#### Data shown ####

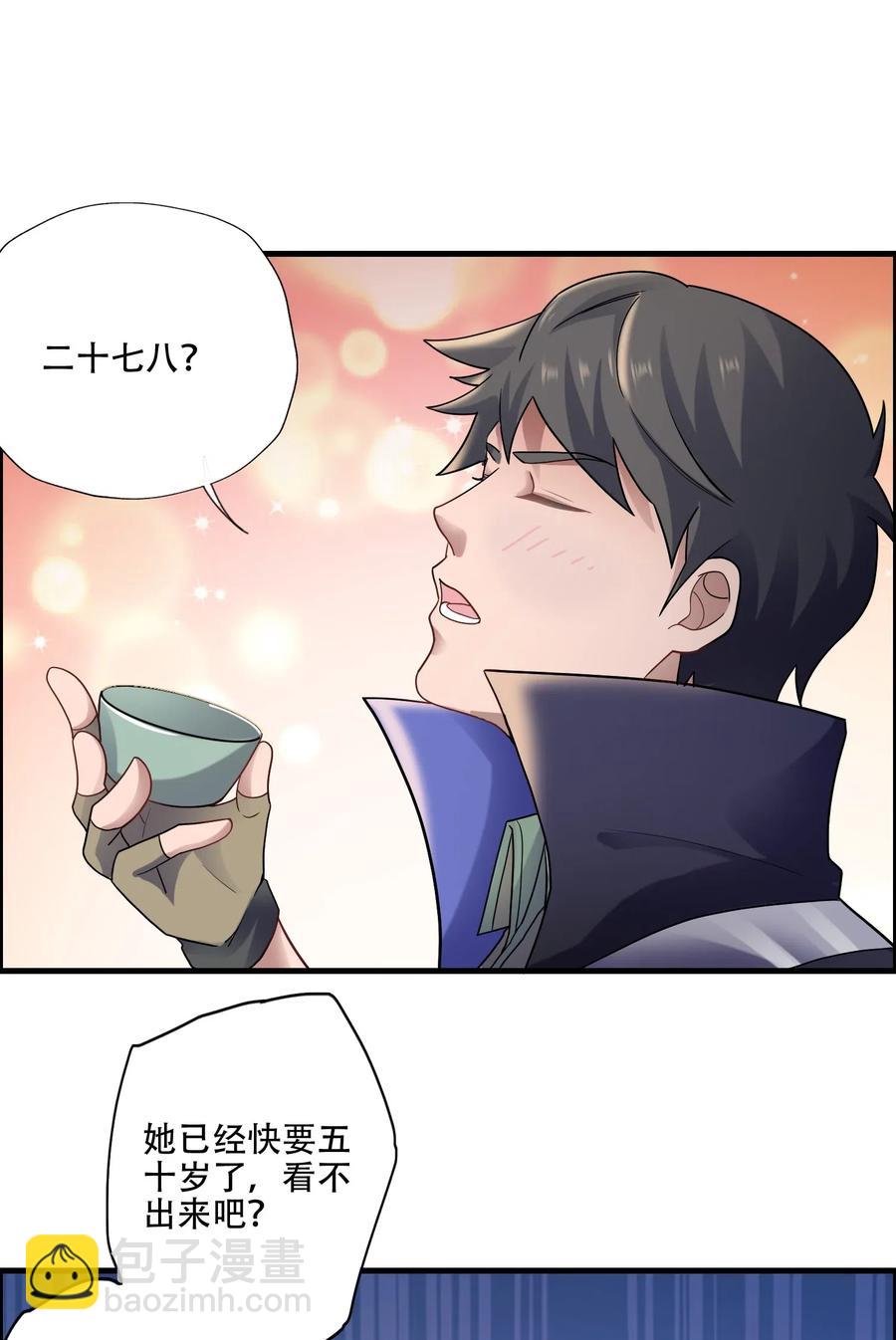 145 文玩阁叫乾生元？(1/2)-第150话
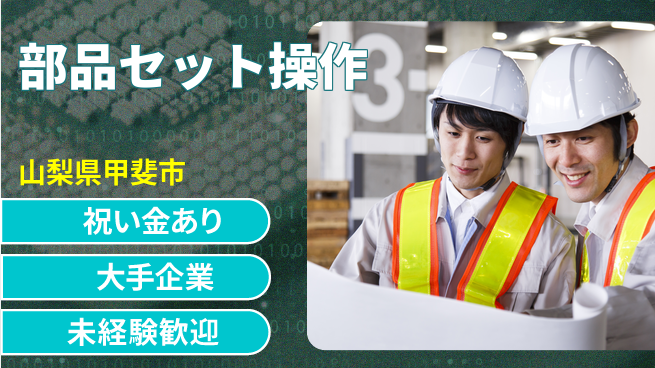 パーソルファクトリーパートナーズ株式会社 高収入可【部品セット操作】の工場求人・派遣情報 | ジョバディ工場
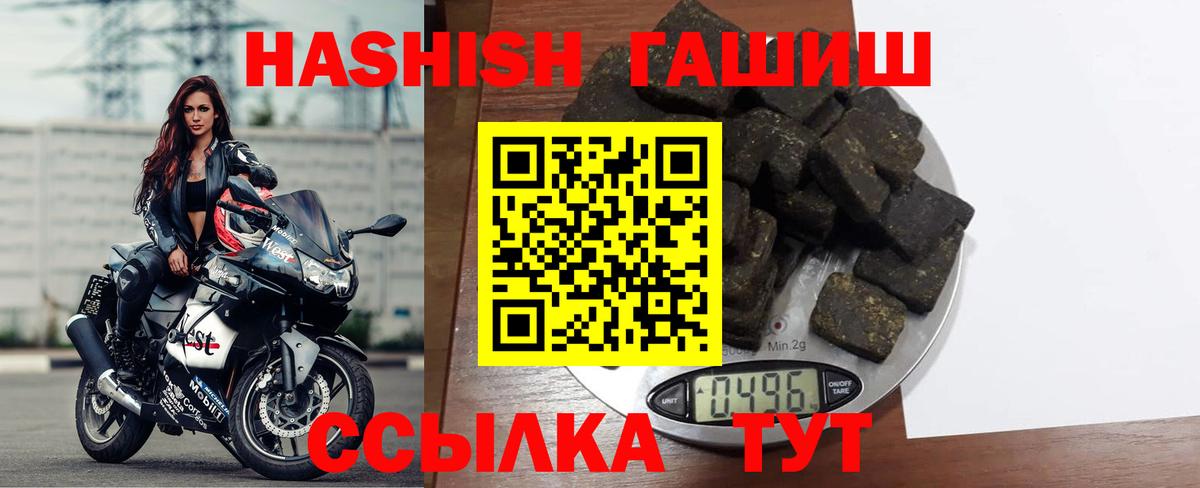 Гашиш гарик  ГАШ убойный  ГАШИШ  Вход с VPN  Сызрань 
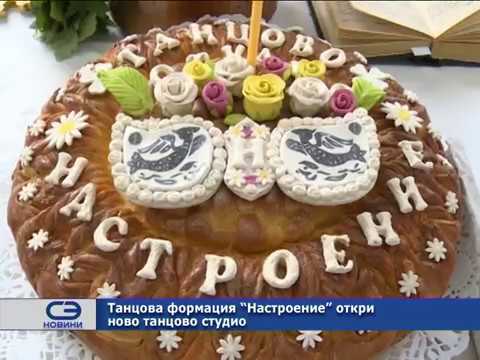 Видео: Танцова формация "Настроение" откри ново танцово студио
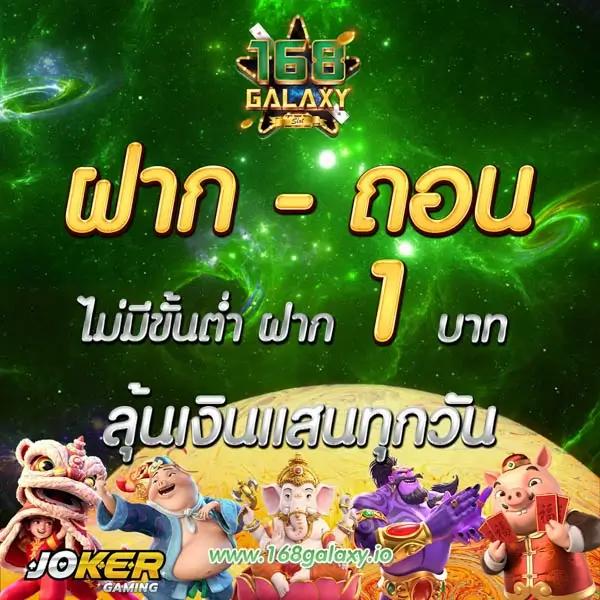 ak69now สล็อตครบทุกเกม เล่นง่ายจ่ายจริง พร้อมโปรโมชั่นสุดคุ้ม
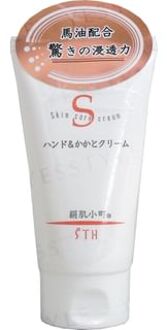 KINUHADAKOMACHI Hand & Heel Cream Tube Type 100g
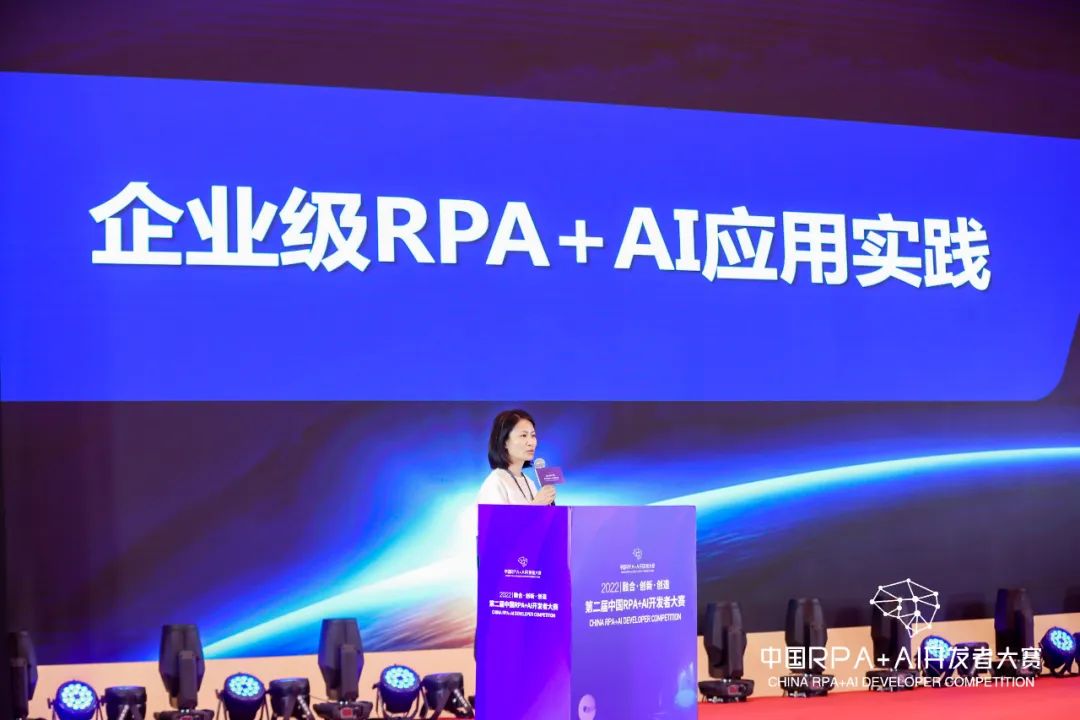 ag真人平台官方软件企业级RPA+AI应用实践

####

Starting at the line that contains "Видео: Танцова формация", write out every line through the final line of the entries, word for word; skip any pictures.

 Видео: Танцова формация "Настроение" откри ново танцово студио
 ak69now สล็อตครบทุกเกม เล่นง่ายจ่ายจริง พร้อมโปรโมชั่นสุดคุ้ม
 KINUHADAKOMACHI Hand & Heel Cream Tube Type 100g
 ag真人平台官方软件企业级RPA+AI应用实践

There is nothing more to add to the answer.